- Born: July 28, 1956 (age 69) McDowell, Kentucky, U.S.
- Occupation: Sportscaster

= Kenny Rice =

American sports announcer (born 1956)

Kenny Rice (born July 28, 1956) is an American sportscaster known nationally for his horse racing reporting with NBC and MMA coverage for HDNet.

==Biography==
Kenny Rice was born July 28, 1956, in McDowell, Floyd County, Kentucky. He grew up in the town of Eastern, and began his career as a disc jockey while in high school for WDOC in Prestonsburg, Kentucky.
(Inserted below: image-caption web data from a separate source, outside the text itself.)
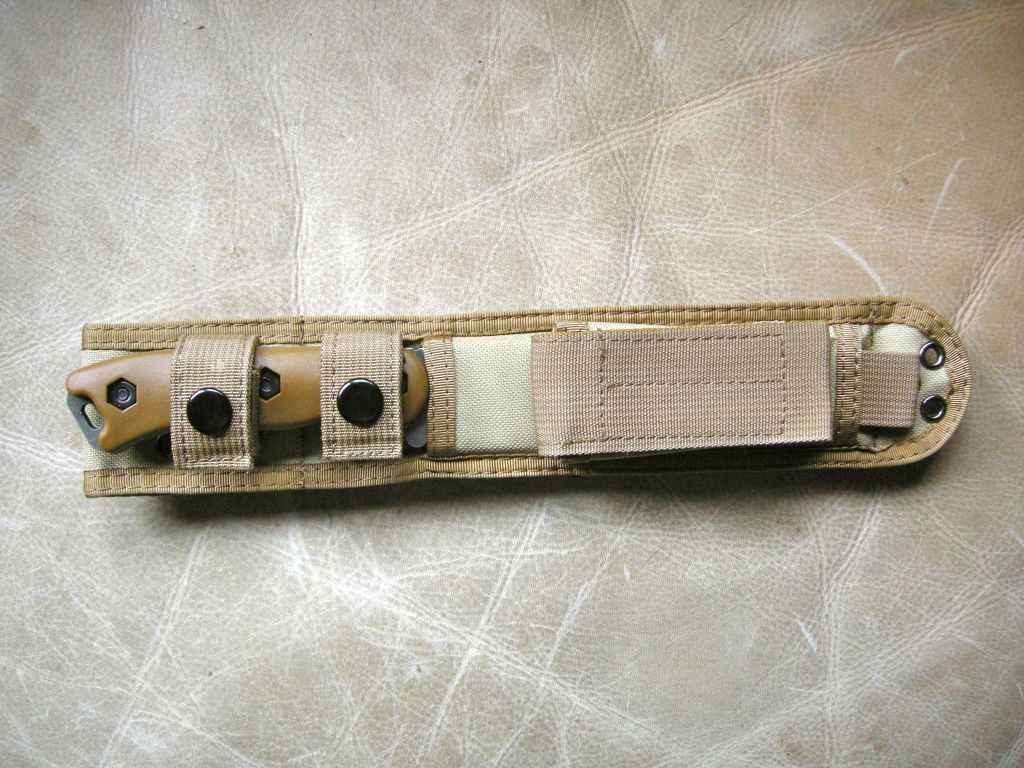 DSCN1239.jpg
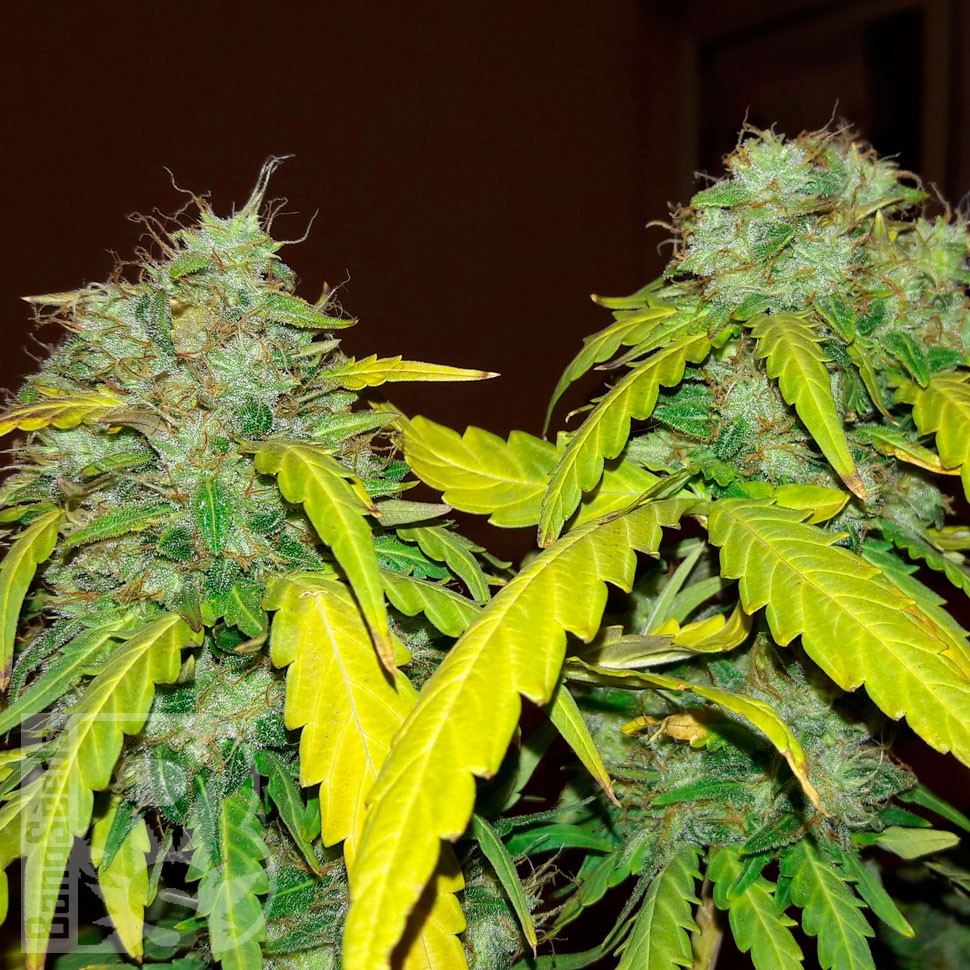 заказать семена конопли почтой Bubblelicious regular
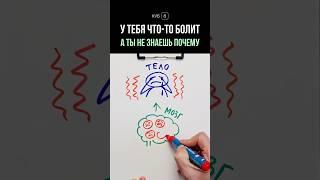 Психосоматика болезней нашего тела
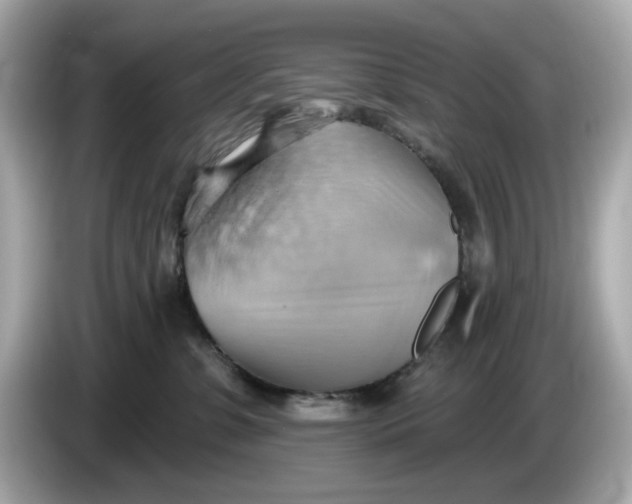 X0000086000331200704091042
After graduating from the University of Kentucky in 1980, he became the Sports Director for WTVQ TV in Lexington.

==Professional career==

===ESPN===
A national "stringer" in the early days of ESPN's SportsCenter, Rice filed reports from 1982 to 1990 and was a correspondent for Down the Stretch (1982–1985) and Wire to Wire (1998–2005). Rice was host and reporter for horse racing including Breakfast at the Kentucky Derby and 2Day at the Races (1997–2006). He was an on-site co-host of college basketball's Midnight Madness for the debut of ESPNU (2005). He has also been a frequent contributor of Horse Racing coverage to the ESPN web site.

===NBC===
Since 1999, Rice has covered horse racing, reporting on the Kentucky Derby, Preakness Stakes, Breeders' Cup and Belmont Stakes. He's worked two Summer Olympics; boxing reporter (2004) and host of Equestrian Competition (2008). In addition, Rice covered the U.S. Olympic Trials in both Triathlon (Host) and Equestrian (Reporter) and has reported on the NFL for NBC's Football Night in America. He did play by play of Track and Field, Rugby, and Basketball at the 2008 Paralympic Games for NBC's Universal Sports with his track calls used in an NBC documentary of the games. He called the Pro Bull Riders World Finals ('05, '07). Since 2008 he has been the host of the Hambletonian Harness race.

===NBCSN===
Rice has been a co-commentator alongside former MMA fighter Bas Rutten for the World Series of Fighting since WSOF 5 was broadcast on NBCSN on September 14, 2013.

===HDNet===
Rice has worked for Mark Cuban's HDNet since 2003 and hosts the popular Inside MMA with legendary champion Bas Rutten (they also announced for the short-lived IFL on Fox Sports Net). Rice called play by play of the inaugural United Football League 2009 season with Paul Maguire. His college football play by play includes the game, Harvard VS. Yale and the Monon Bell Game between Wabash College and DePauw, as well as college basketball calls of the John R. Wooden Classic, Legends Classic and College Basketball Invitational. Rice worked with Rex Chapman calling Pac-10, Missouri Valley Conference, Horizon League and West Coast Conference basketball games from 2003 to 2005. He has also done boxing and MMA play by play and hosted horse racing coverage including the Santa Anita Derby.

===Other===
Since 2008 Rice has hosted what is considered by thoroughbred racing enthusiasts racing's biggest night, The Eclipse Awards. He also appeared in the 2011 documentary film When Happy Met Froggie.

==Awards==
- 2007-Honored upon a visit to the Kentucky Senate
- 1996-Eclipse Award for Outstanding Local Television Achievement.
- 1996- Youngest recipient of the Charles W. Engelhard award for Lifetime Contribution to the Kentucky Thoroughbred Industry.
- 1984-Won the First Hervey Award given for Outstanding TV Reporting of Harness Racing.